::: EXTRACTED ENTRIES :::
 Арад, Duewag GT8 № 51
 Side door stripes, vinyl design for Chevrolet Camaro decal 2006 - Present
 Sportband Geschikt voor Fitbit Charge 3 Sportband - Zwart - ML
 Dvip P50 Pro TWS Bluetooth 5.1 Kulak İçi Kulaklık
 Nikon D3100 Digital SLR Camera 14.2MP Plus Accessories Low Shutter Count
:::
::: EXTRACTED ENTRIES :::
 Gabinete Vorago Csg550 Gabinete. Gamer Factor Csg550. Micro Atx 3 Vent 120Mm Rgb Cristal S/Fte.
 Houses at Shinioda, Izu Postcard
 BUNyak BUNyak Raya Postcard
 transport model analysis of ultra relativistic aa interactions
:::
INSTRUCTIONS FOR THE TASK:
Copy the entries above exactly, but only from the line holding "BUNyak BUNyak Raya Postcard" through the line holding "transport model analysis", both included.

ANSWER TO THE PROBLEM:
 BUNyak BUNyak Raya Postcard
 transport model analysis of ultra relativistic aa interactions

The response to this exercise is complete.